As everyone ought to know by now, NatCon Brussels went ahead this week in an unusually raucous fashion. What many of us have grown accustomed to enjoying as a fount of ideas and a source of rejuvenation became a grotesque spectacle of tyranny in action.
The first venue, Concert Noble, cancelled under political pressure, citing security concerns. The second venue, the Sofitel, did likewise within 24 hours of kick-off. But the machinations of the regime reached a whole new level of brazenness when, despite the plucky courage of a Tunisian business owner who offered his club in Saint-Josse as a third venue, the local Turkish mayor ordered his police force to shut it down—all while no less a figure than Nigel Farage was on stage delivering an electric speech.

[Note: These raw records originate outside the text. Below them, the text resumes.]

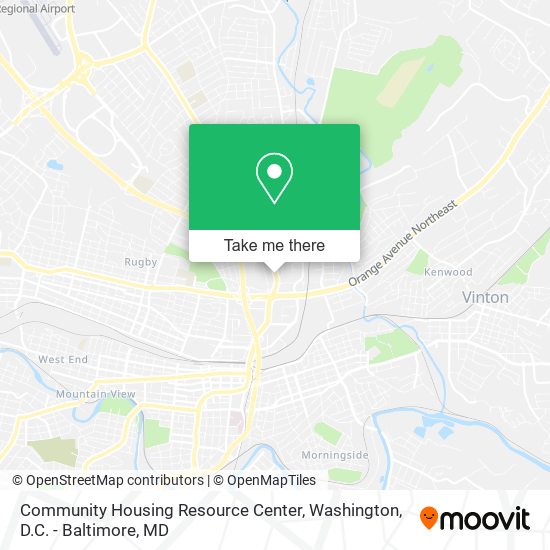Community Housing Resource Center map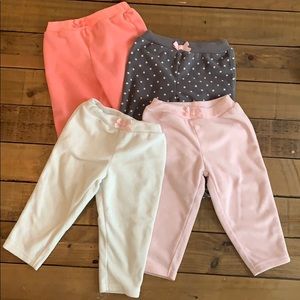 CARTER’S Four Pack Fleece Leggings Baby Pants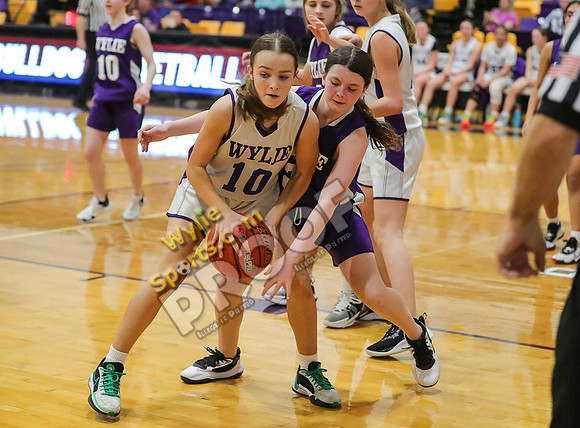 02-05-24 7th Grade A Girls Wylie East vs Wylie West Jr High Basketball RK-407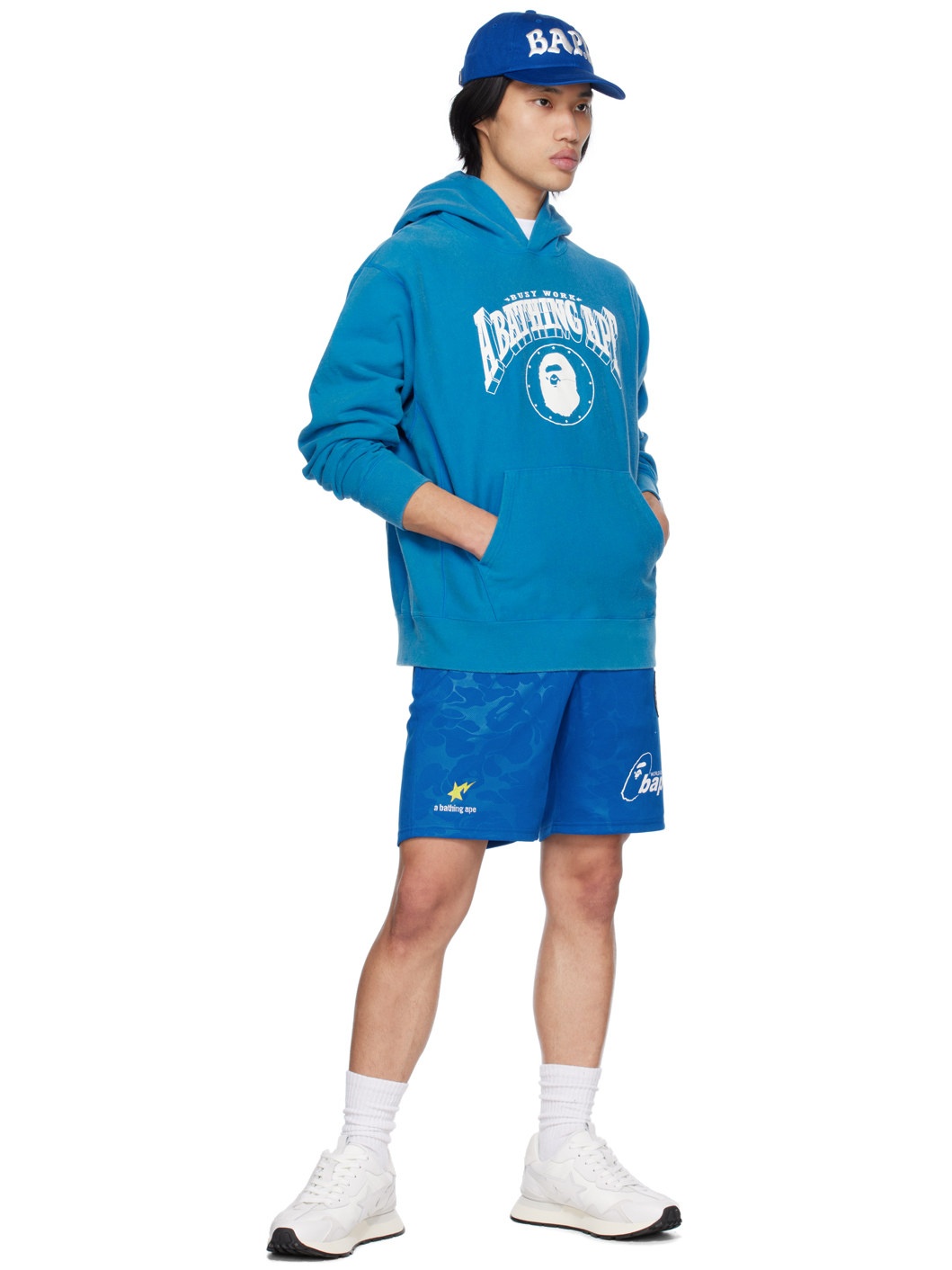 Blue Washed Hoodie - 4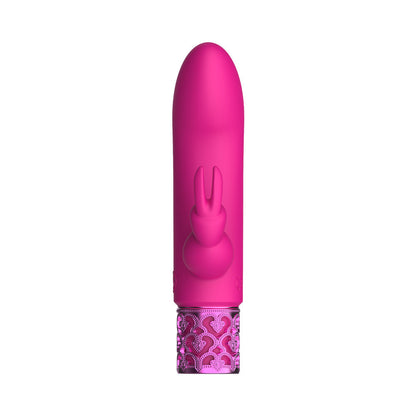 SHOTS - ROYAL GEMS DAZZLING RECHARGEABLE SILICONE MINIATURE RABBIT VIBRATOR PINK
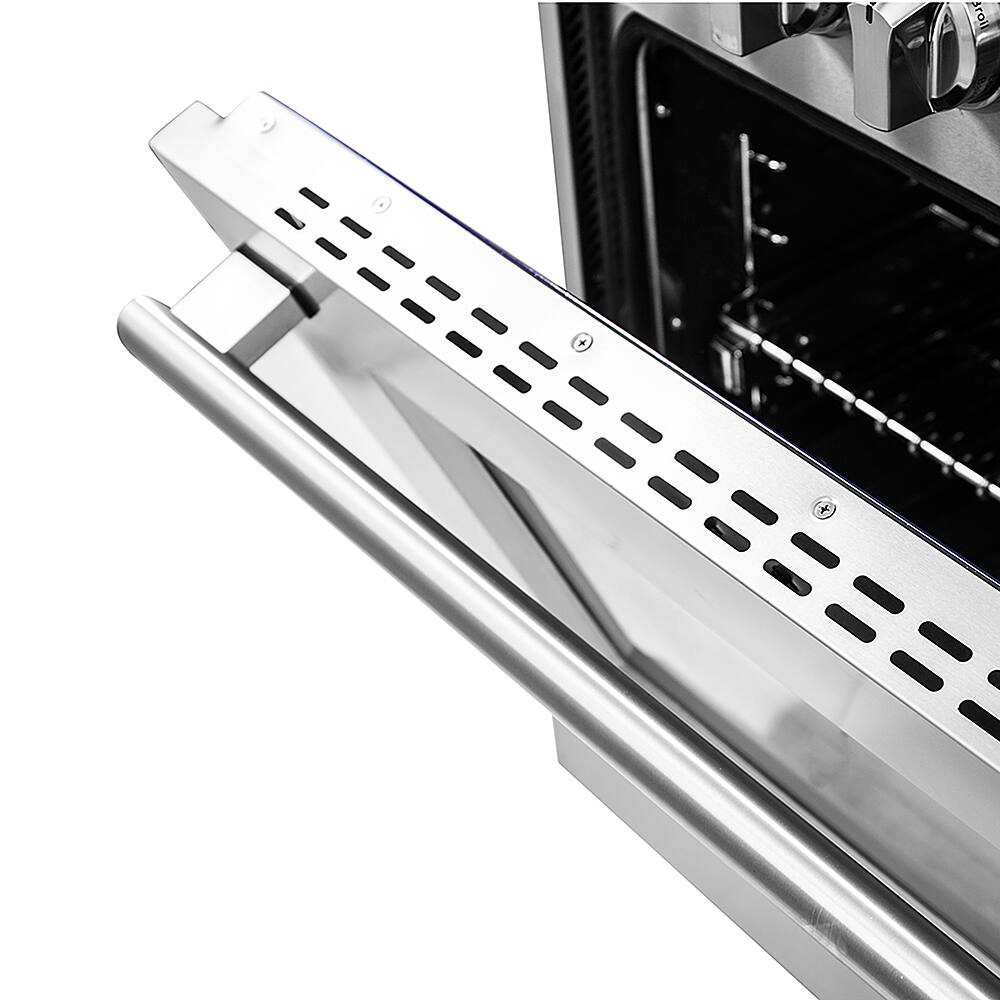 Alt View 1. Forno Appliances - Massimo 6.58 Cu. Ft. Freestanding Dual Fuel Range - Stainless steel.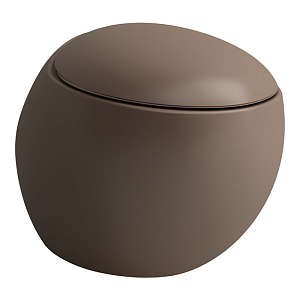 Laufen Alessi One Унитаз 58.5х39х35.5см., подвесной, безободковый, LCC, цвет: кофе матовый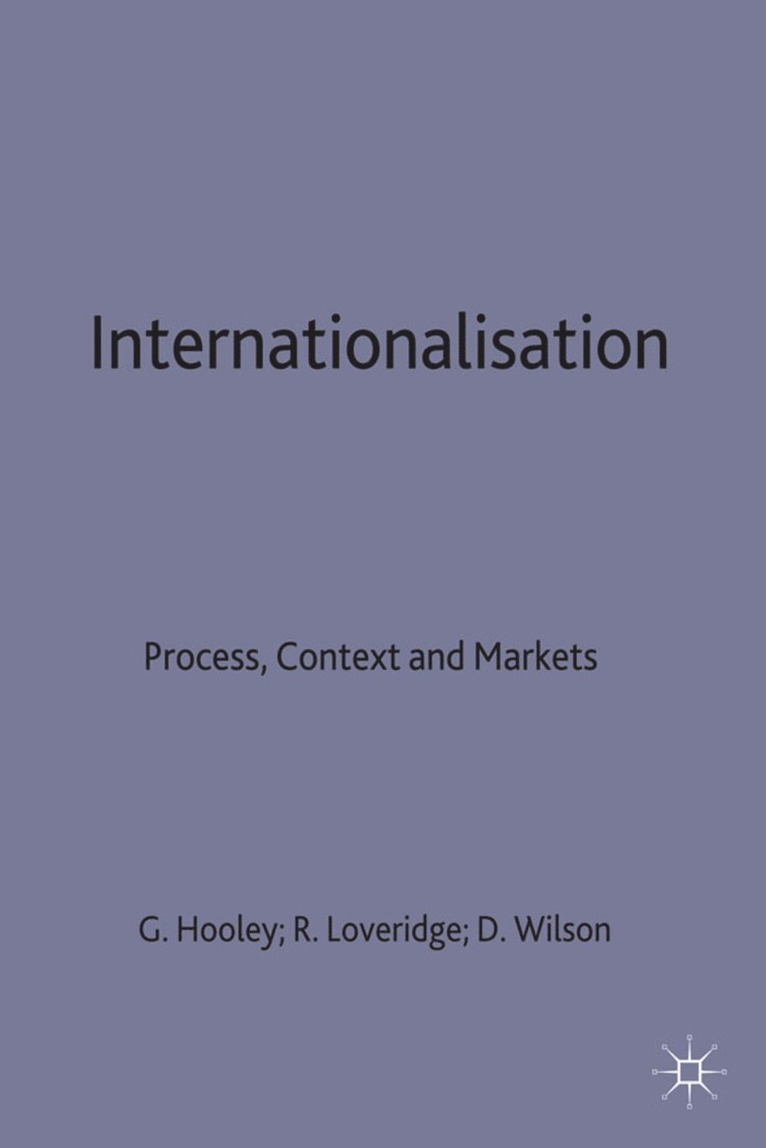 Hooley, David Wilson, Graham Hooley, Ray Loveridge - Internationalisation, Inbunden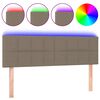 vidaXL S&auml;nggavel LED taupe 144x5x78/88 cm tyg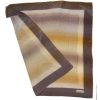 Geometric design vintage silk scarf in shades of brown by Tiktiner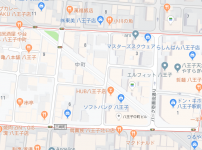 八王子市中町の地図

Seemingly aware of the armed militia, Farage expressed characteristic defiance, even going so far as challenging the police to haul him off stage. In the end, the officers—most of them hardy Belgians who seemed a little embarrassed by their duties to the local sultan—chose to barricade the entrance rather than storm the premises and drag everyone out within shot of the cameras. Still, no one was allowed to leave without being denied the right to return.
This was all good for media impressions, but rather disrupted the first day of the conference itself, given that most of the excitement was being generated away from the stage. Fortunately, the heroic efforts of the Alliance Defending Freedom (ADF) prevented the event from being called off on the second day. Two of their lawyers, Paul Coleman and Jean-Paul van de Walle, successfully challenged the antics of mayor Emir Kir in Belgium’s highest court, saving NatCon from censorship.
Far too much of the focus, however, has been on the delightful Tunisian gentleman who refused to buckle under pressure. I do not question his fortitude. Nor do I wish to take any credit away from his splendid family, many of whom I made a personal point of thanking—along with others—as they worked tirelessly to make the event as smooth as possible.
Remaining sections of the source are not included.